The first day the system was in use, the county received a phone call that put the system to the test. The county equipment located the caller outside the county in the Sharp County portion of Cherokee Village, Keck said. Dispatch then pushed a button and transferred the call to Sharp County.
"Whatever cell phone tower picks up the call depends on where the call goes,"?Keck said.
The next upgrade to the system will be locating calls from land line phones, Keck said. It is expected to be completed by October, he said.
Sharp County Sheriff Dale Weaver said his county's computer aided dispatch system gives the dispatcher the X and Y coordinates of the caller, but that information currently does the county little good.
"We don't have the mapping system to show where it is on the map," he said, adding that the centerline project is underway but hasn't been integrated into the 9-1-1 equipment as of yet.
Being able to pinpoint the location of callers is vital, Weaver said.
"It's very important, and it always has been, but I think it's more so all the time," he said. "There are more and more cell phone calls coming in every day."
Some of those calls from cellular phones are from motorists reporting a wreck. If the caller is not familiar with the area, it may be difficult to locate the wreck, but with the mapping system that won't be a problem anymore.
"It's a very valuable tool," Weaver said.

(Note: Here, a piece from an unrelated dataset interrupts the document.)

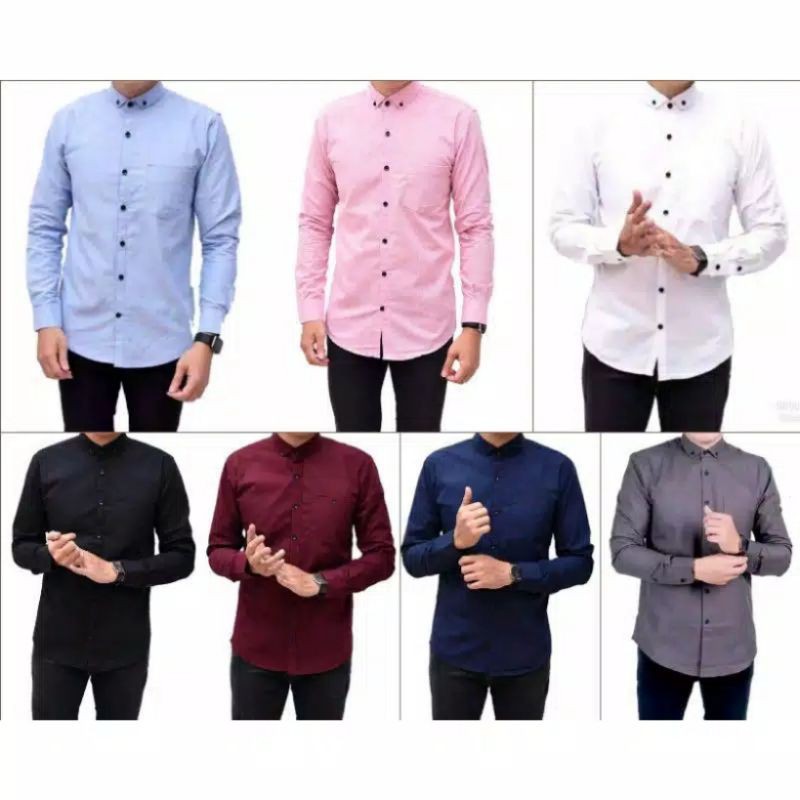 kemeja cowok polos pria lengan panjang slimfit hem pria kantor hitam navy putih maron army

Sharp County's dispatch system received a vital upgrade a few years ago when the county changed 9-1-1 providers and replaced the aging equipment. The upgrade provided dispatchers with a name, phone number and address of a land line phone and gave the phone number and sometimes the name on the cellular phones, Weaver said. The system was expanded a few months ago, allowing dispatchers to access the coordinates of a call.
The centerline projects don't only help with 9-1-1, but in other county offices as well. County assessors can use the information to locate parcels of land and home sites, and county road departments can also use the equipment in their daily work.
"It's a good thing all the way around," Weaver said.